### [Exercise prompt]
Give the total of lines holding the word "fondo" in the records below, and nothing else.

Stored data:
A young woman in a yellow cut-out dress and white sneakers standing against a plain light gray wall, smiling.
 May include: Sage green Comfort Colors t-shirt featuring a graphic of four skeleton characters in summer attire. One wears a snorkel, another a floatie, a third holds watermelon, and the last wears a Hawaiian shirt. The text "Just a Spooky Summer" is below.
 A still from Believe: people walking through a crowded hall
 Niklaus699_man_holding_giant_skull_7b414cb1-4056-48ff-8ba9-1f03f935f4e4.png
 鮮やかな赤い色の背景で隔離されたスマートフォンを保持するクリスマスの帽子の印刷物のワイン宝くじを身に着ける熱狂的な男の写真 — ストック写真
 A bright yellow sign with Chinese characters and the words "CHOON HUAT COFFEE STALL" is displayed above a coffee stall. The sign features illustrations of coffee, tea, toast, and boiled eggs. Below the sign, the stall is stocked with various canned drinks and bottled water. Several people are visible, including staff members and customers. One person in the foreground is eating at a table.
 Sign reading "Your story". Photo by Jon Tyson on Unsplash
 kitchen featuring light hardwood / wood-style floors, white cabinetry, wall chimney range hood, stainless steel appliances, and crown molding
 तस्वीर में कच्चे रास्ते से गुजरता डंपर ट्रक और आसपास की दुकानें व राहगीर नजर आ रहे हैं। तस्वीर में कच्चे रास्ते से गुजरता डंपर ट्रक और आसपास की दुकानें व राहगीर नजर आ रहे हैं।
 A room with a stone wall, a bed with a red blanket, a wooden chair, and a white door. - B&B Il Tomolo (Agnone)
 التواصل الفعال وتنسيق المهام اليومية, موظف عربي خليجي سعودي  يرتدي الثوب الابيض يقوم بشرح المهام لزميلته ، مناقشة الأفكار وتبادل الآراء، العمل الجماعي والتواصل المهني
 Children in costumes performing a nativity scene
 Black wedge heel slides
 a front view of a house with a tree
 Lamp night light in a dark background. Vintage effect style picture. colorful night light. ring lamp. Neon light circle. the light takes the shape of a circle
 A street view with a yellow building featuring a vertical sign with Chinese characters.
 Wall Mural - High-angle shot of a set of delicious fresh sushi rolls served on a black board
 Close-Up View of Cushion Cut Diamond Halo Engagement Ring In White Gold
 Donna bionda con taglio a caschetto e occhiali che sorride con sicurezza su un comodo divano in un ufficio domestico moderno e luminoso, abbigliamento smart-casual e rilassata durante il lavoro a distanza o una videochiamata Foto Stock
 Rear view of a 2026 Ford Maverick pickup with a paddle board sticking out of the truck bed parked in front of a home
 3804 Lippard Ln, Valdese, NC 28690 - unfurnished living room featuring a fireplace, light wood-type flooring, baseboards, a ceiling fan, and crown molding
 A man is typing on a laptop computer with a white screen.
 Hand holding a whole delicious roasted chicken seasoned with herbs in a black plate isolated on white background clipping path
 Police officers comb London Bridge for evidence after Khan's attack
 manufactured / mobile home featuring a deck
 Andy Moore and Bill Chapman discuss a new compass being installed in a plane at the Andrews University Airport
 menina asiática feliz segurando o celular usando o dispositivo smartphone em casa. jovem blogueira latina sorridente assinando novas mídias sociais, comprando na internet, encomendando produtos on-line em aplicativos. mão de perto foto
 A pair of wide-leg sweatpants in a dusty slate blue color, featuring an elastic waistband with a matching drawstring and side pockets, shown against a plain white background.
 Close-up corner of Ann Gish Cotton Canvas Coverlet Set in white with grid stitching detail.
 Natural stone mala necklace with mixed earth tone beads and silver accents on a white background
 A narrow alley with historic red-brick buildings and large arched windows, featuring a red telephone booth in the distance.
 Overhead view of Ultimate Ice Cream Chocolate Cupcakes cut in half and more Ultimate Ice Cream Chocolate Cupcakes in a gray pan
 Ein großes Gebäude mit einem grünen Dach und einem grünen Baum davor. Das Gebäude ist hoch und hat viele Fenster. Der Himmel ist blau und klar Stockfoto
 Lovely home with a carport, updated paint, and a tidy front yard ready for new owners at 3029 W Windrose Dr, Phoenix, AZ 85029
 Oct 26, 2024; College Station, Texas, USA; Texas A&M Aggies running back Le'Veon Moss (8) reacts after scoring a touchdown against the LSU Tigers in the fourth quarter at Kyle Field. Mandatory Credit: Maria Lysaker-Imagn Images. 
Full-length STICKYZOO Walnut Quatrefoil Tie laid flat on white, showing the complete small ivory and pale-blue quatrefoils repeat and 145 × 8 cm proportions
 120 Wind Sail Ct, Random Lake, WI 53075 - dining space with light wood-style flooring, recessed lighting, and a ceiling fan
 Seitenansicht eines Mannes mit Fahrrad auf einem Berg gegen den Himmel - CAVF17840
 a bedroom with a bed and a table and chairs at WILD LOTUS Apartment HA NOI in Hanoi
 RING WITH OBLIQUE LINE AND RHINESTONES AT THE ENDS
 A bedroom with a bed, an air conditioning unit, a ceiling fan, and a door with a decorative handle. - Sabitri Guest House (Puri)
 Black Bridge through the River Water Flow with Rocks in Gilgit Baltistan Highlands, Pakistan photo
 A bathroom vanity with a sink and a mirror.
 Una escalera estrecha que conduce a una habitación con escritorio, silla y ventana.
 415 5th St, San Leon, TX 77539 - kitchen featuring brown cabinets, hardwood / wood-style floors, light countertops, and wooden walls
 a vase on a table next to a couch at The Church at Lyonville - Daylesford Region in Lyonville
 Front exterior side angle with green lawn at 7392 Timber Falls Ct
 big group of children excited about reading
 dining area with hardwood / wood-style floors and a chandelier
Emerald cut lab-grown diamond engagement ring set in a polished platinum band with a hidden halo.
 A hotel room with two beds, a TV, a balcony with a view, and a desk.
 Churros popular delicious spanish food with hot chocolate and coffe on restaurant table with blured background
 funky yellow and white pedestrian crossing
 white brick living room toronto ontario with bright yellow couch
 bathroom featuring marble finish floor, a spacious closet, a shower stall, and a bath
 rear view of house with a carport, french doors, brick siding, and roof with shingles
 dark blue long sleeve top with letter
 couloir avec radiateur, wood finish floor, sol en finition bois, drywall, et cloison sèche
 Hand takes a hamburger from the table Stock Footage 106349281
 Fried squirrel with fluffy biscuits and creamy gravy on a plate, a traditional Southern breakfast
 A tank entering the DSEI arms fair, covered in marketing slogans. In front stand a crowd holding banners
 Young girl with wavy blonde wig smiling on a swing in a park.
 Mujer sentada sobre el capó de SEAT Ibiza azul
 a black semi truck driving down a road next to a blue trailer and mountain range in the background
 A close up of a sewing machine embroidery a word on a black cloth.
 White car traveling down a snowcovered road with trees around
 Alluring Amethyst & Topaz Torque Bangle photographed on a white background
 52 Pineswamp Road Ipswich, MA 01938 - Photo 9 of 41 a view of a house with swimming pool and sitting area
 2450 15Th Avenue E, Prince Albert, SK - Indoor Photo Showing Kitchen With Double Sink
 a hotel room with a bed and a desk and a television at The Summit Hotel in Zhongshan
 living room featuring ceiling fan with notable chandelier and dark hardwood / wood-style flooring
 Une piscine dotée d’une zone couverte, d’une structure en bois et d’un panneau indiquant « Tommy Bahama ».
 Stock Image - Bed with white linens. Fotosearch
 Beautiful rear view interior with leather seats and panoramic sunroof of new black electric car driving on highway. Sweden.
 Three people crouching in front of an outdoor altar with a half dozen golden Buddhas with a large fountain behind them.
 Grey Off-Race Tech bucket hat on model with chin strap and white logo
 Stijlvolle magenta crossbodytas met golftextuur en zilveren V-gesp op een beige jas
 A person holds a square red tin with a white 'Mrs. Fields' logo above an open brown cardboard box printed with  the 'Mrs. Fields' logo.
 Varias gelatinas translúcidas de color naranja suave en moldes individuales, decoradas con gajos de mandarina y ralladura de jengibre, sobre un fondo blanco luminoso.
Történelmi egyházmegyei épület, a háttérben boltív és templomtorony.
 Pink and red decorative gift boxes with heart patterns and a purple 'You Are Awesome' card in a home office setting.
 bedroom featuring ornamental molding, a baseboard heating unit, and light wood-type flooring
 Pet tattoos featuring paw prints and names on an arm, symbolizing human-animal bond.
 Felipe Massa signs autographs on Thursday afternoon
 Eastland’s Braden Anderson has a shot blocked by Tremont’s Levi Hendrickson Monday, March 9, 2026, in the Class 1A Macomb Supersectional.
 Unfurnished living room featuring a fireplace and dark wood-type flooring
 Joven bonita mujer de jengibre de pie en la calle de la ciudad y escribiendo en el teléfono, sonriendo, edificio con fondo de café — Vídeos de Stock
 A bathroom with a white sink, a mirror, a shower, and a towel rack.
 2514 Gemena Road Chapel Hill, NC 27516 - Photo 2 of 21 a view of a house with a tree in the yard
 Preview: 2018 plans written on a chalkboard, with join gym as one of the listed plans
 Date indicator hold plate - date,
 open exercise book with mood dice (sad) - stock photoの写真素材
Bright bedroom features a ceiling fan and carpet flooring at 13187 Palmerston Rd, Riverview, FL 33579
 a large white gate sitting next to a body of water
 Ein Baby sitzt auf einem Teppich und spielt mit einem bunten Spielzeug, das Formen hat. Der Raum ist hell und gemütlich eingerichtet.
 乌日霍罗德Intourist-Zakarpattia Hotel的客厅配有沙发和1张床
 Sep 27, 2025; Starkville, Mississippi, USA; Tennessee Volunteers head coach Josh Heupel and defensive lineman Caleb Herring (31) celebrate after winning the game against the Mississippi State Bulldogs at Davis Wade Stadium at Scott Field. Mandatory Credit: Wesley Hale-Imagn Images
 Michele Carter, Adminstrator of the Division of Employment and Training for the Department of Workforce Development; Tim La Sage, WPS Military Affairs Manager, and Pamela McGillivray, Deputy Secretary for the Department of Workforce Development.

### [Response box]
2